06/4667 WAO
07/5550 WAO
08/6990 WAO
op de hoger beroepen van:
[appellant] (hierna: appellant),
de uitspraak van de rechtbank Arnhem van 11 juli 2006, 06/78 (hierna: aangevallen uitspraak 1) en de uitspraak van de rechtbank Arnhem van 23 augustus 2007, 06/4978 (hierna: aangevallen uitspraak 2)
de Raad van bestuur van het Uitvoeringsinstituut werknemersverzekeringen (hierna: Uwv).

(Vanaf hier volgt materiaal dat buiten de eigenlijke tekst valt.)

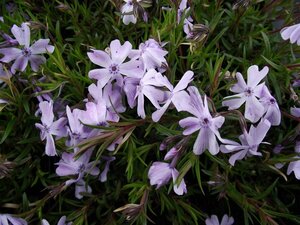 Phlox subulata 'Emerald Cushion Blue' P9 - afbeelding 6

Datum uitspraak: 13 maart 2009
Namens appellant heeft mr. E.E.M. Messink, advocaat te Wijchen, hoger beroep ingesteld tegen de aangevallen uitspraak 1 (zaak 06/4667 WAO) en de aangevallen uitspraak 2 (zaak 07/5550 WAO).
Het Uwv heeft in beide zaken een verweerschrift ingediend.
Het onderzoek ter zitting heeft plaatsgevonden op 16 mei 2008. Appellant is verschenen in persoon en het Uwv werd vertegenwoordigd door mr. W. Höppener.
De Raad heeft vervolgens het onderzoek ter zitting geschorst na met het Uwv te hebben afgesproken dat het ontbrekende stukken zal toezenden, nadere berekeningen zal voeren en een nieuw besluit op bezwaar met betrekking tot de zaak 06/4667 WAO zal nemen.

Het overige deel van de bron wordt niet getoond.